Start of Block
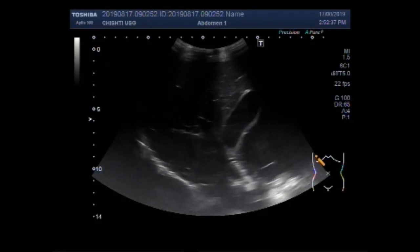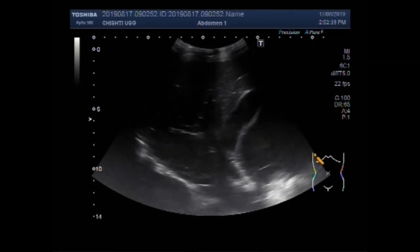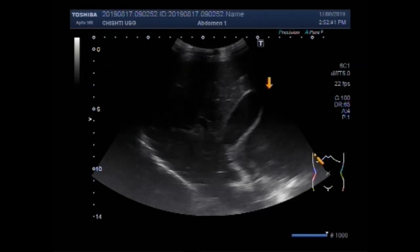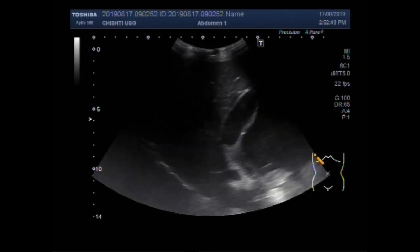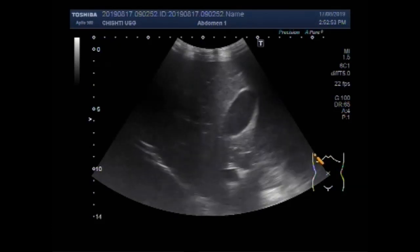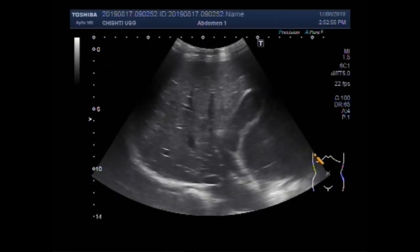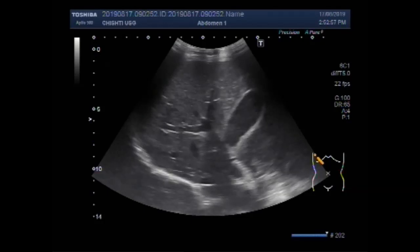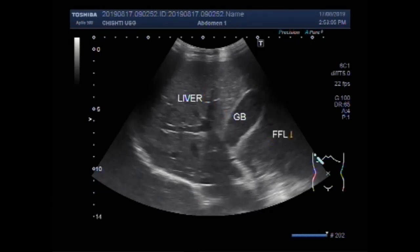This is the gallbladder and liver. You can see the blood is seen in the adjacent area of the gallbladder, and this is the free fluid.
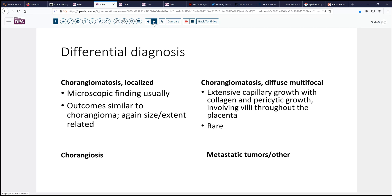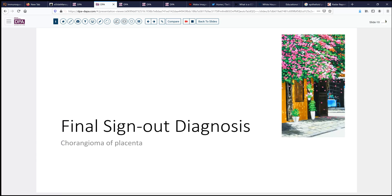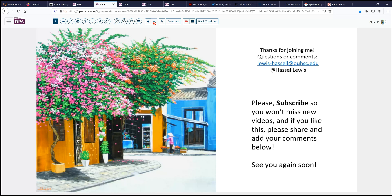The diagnosis on our case today is that of chorangioma involving the placenta, with secondary impact on the child in terms of preterm birth, small for gestational age, potentially due to the vascular shunting involved, and thrombocytopenia. I hope that's brought this a little bit into light. If you'd like to look over the slides, please check the link in the description below. We hope you'll subscribe and share this with friends and colleagues. We welcome your feedback and look forward to spending some time with you again on similar challenging and interesting digital slide cases.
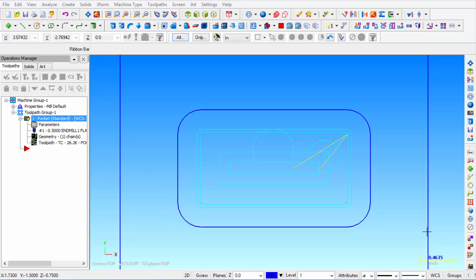You can see there can be many variations of pocketing. This is just merely an introduction to pocketing. So I hope that helped you. Thanks for watching.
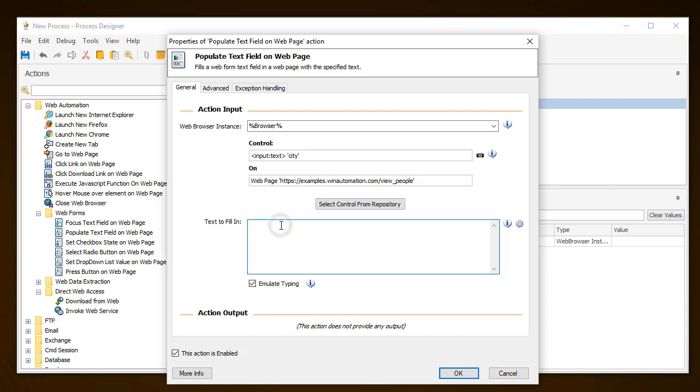This control has to be inserted in the Populate Text field action. In the text to be populated, set the word Sacramento.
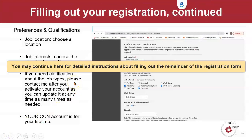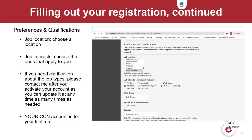The next section in filling out your registration is about preferences and qualifications. Pay attention to the two red asterisk areas: job location and job interests. For job location, simply choose your state of residence — you may also select more than one state or location, especially if you'll be living somewhere else for the summer or moving in or out of Pennsylvania. The point is you have the ability to make more than one selection. For job interests, these designations — full time, part time, and seasonal — typically refer to employment, but may also apply to any of the other types of job interests shown.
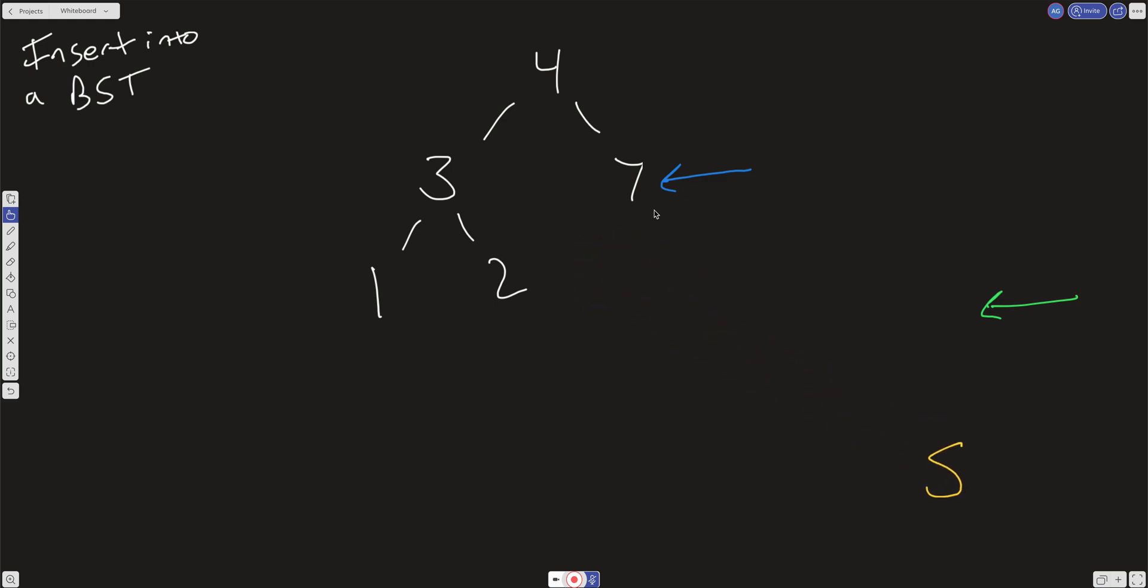We just do one more check. Is this value less than the previous value? If it's less than, it's going to go on the left side, and if it's greater than, it'll go on the right side. So that's the idea.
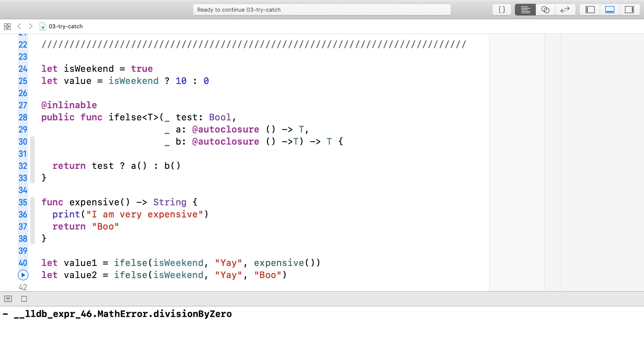One where the first argument throws, one where the second argument throws, and one where both arguments throw? Fortunately, there is another keyword called rethrows that helps us out. It only throws if one of the passed-in closures throws. If both of the closures don't throw, then the function is considered non-throwing.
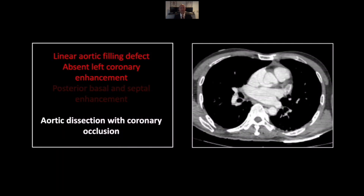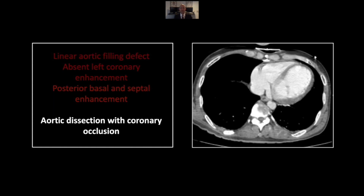Our next case is an aortic dissection with occlusion of the coronary artery. You can see the flap in the aortic root, and to the left lateral side you can see it actually passes over the left coronary ostium. There is no contrast opacification of the proximal left coronary system. Lower down, you can see the normally enhancing posterior and basal myocardium and some of the superior septal as well, but the region of the left coronary system is all underperfused and hypodense.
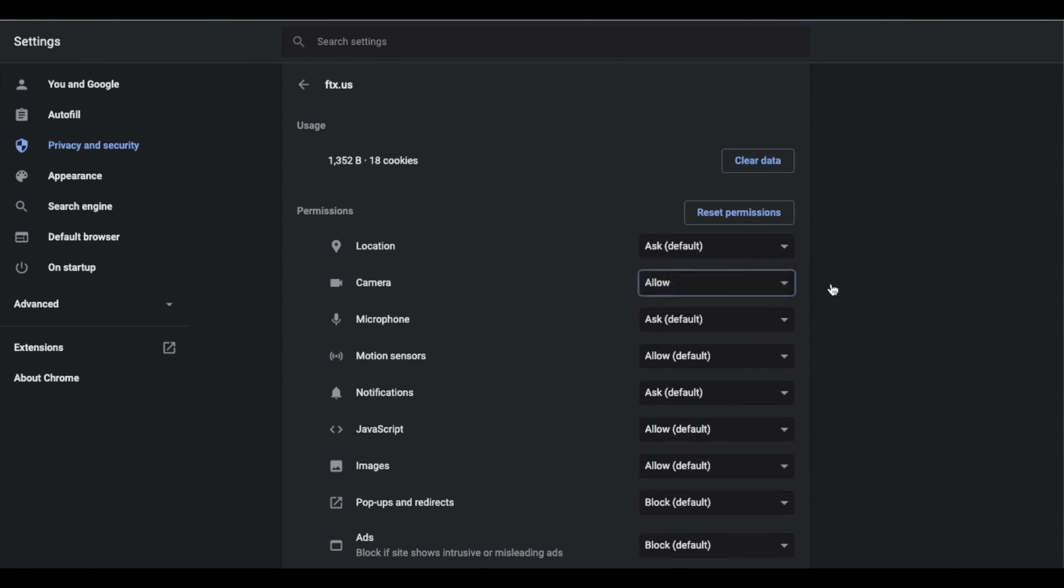So again, that's how you can allow, disallow, change the specific permissions for websites.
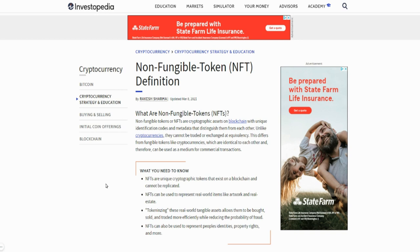NFT stands for non-fungible tokens. You have two kinds of tokens in this space: fungible tokens, which include things like Bitcoin, Ethereum, and even the money you carry around — those are fungible tokens. On the flip side, non-fungible tokens are things that cannot be replicated. For instance, your birth certificate — you cannot replicate it and give it to somebody else so that person can use it and say they are you.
End of Block
Exercise brief:
Write the entries out again exactly as they appear, with the pictures omitted.

Solution:
This is the gallbladder and liver. You can see the blood is seen in the adjacent area of the gallbladder, and this is the free fluid.
The diagnosis on our case today is that of chorangioma involving the placenta, with secondary impact on the child in terms of preterm birth, small for gestational age, potentially due to the vascular shunting involved, and thrombocytopenia. I hope that's brought this a little bit into light. If you'd like to look over the slides, please check the link in the description below. We hope you'll subscribe and share this with friends and colleagues. We welcome your feedback and look forward to spending some time with you again on similar challenging and interesting digital slide cases.
You can see there can be many variations of pocketing. This is just merely an introduction to pocketing. So I hope that helped you. Thanks for watching.
This control has to be inserted in the Populate Text field action. In the text to be populated, set the word Sacramento.
The next section in filling out your registration is about preferences and qualifications. Pay attention to the two red asterisk areas: job location and job interests. For job location, simply choose your state of residence — you may also select more than one state or location, especially if you'll be living somewhere else for the summer or moving in or out of Pennsylvania. The point is you have the ability to make more than one selection. For job interests, these designations — full time, part time, and seasonal — typically refer to employment, but may also apply to any of the other types of job interests shown.
We just do one more check. Is this value less than the previous value? If it's less than, it's going to go on the left side, and if it's greater than, it'll go on the right side. So that's the idea.
One where the first argument throws, one where the second argument throws, and one where both arguments throw? Fortunately, there is another keyword called rethrows that helps us out. It only throws if one of the passed-in closures throws. If both of the closures don't throw, then the function is considered non-throwing.
Our next case is an aortic dissection with occlusion of the coronary artery. You can see the flap in the aortic root, and to the left lateral side you can see it actually passes over the left coronary ostium. There is no contrast opacification of the proximal left coronary system. Lower down, you can see the normally enhancing posterior and basal myocardium and some of the superior septal as well, but the region of the left coronary system is all underperfused and hypodense.
So again, that's how you can allow, disallow, change the specific permissions for websites.
NFT stands for non-fungible tokens. You have two kinds of tokens in this space: fungible tokens, which include things like Bitcoin, Ethereum, and even the money you carry around — those are fungible tokens. On the flip side, non-fungible tokens are things that cannot be replicated. For instance, your birth certificate — you cannot replicate it and give it to somebody else so that person can use it and say they are you.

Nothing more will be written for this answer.